Seekor lutung Jawa (Trachypithecus Auratus) ditemukan dalam keadaan mati mengenaskan di Dusun Perinci, Kecamatan Dau, Kabupaten Malang, Jawa Timur, yang diduga menjadi korban perburuan liar.

Ketua ProFauna Indonesia Rosek Nurwahid mengatakan berdasarkan informasi awal, penemuan tersebut dari hasil laporan warga yang menemukan lutung Jawa dalam kondisi mengenaskan, tergantung di pohon dengan menyisakan bagian kepala dan kulit saja.

"Kami mendapatkan informasi tadi malam. Namun, saat di lapangan kami terkejut, karena barang bukti secara utuh lenyap, dan hanya menyisakan potongan tangan lutung jawa yang terikat di pohon," kata Rosek di Malang, Selasa.

Rosek menjelaskan kronologi penemuan hewan yang dilindungi tersebut bermula dari adanya laporan warga kepada tim ProFauna Indonesia pada 10 Agustus 2020. Dalam foto yang dikirimkan terlihat lutung Jawa itu tergantung dan hanya menyisakan bagian kepala dan kulit.

Mendapatkan laporan tersebut, lanjut Rosek, pada Selasa ini, tim gabungan dari ProFauna Indonesia bersama Balai Besar Konservasi Sumber Daya Alam (BBKSDA) Jawa Timur dan Perhutani menuju lokasi dan melakukan olah tempat kejadian perkara.

Namun, pada saat berada di lokasi kejadian, tim gabungan hanya menemukan sisa tangan lutung Jawa yang masih terikat di pohon, serta sisa rambut dari lutung Jawa berwarna hitam tersebut.

"Selain potongan tangan, ada sisa rambut dari lutung Jawa, dalam waktu yang sangat singkat, barang bukti hilang, tidak utuh," kata Rosek.

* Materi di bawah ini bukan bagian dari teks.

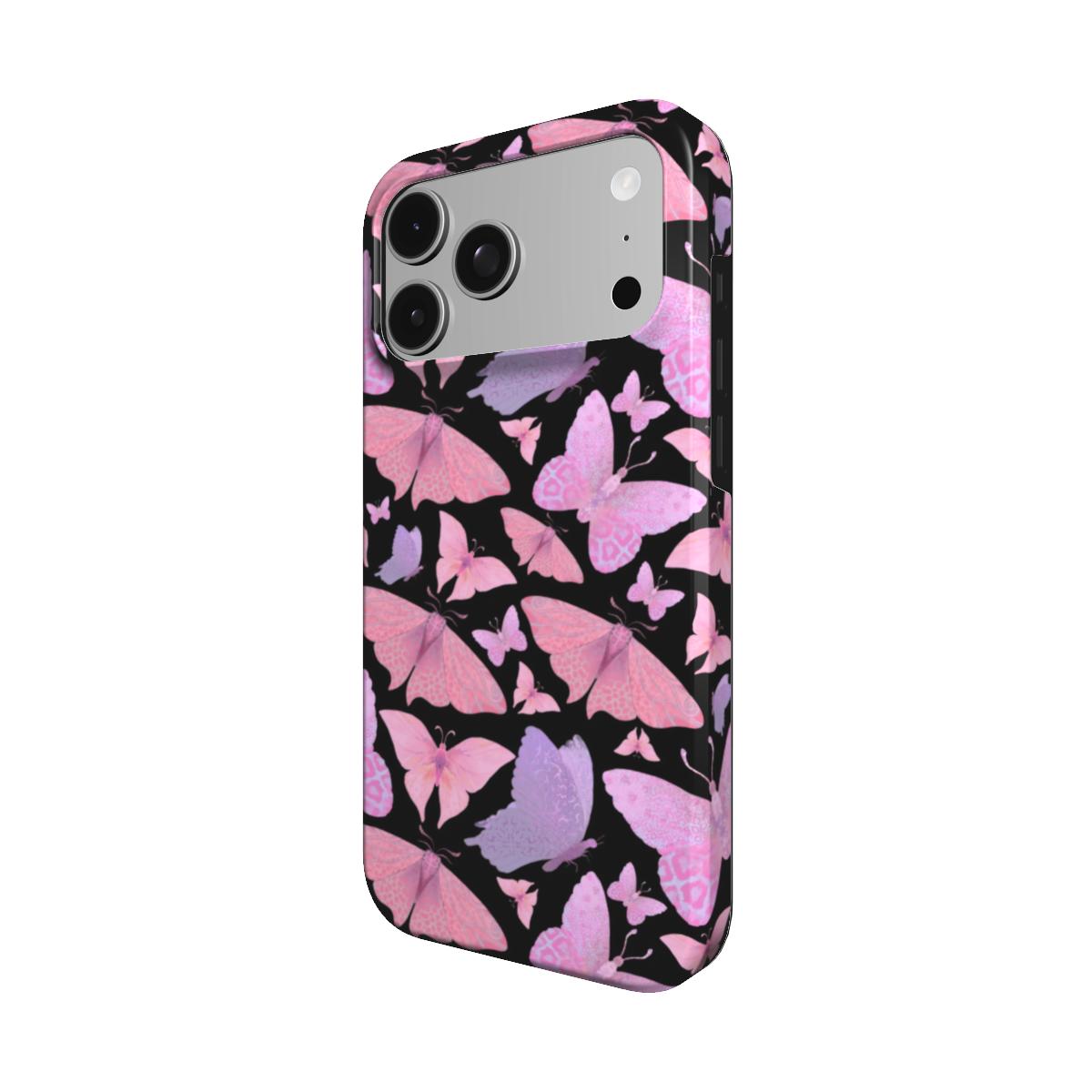 Pink Butterfly Flutter phone case – MagSafe iPhone case, detail view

Berdasarkan informasi temuan awal, tidak ada daging yang tersisa dari lutung jawa tersebut. Daging dari lutung Jawa tersebut kemungkinan dikonsumsi oleh pihak yang tidak bertanggung jawab.

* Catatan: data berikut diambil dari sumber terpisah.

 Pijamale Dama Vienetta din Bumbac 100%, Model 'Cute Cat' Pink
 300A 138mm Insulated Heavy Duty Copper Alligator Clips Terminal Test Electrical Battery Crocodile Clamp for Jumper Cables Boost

Rosek menjelaskan berdasarkan kepercayaan yang beredar di masyarakat, mengonsumsi daging lutung Jawa dipercaya bisa meningkatkan vitalitas dan menjadi obat untuk penyakit sesak nafas. Namun, hal itu tidak terbukti secara klinis.

Selain itu, lanjut Rosek, daging lutung Jawa juga dikonsumsi pada saat melakukan pesta minuman keras. Mengonsumsi daging lutung Jawa, juga dipercaya bisa meningkatkan reaksi minuman keras.

"Dipercaya seperti itu, namun itu tidak terbukti," kata Rosek.

Berdasarkan Undang-Undang Nomor 5 Tahun 1990 tentang Konservasi Sumber Daya Alam Hayati dan Ekosistemnya, pelaku perdagangan termasuk pemburu liar satwa yang dilindungi, bisa dikenakan hukuman penjara lima tahun, dan denda Rp100 juta.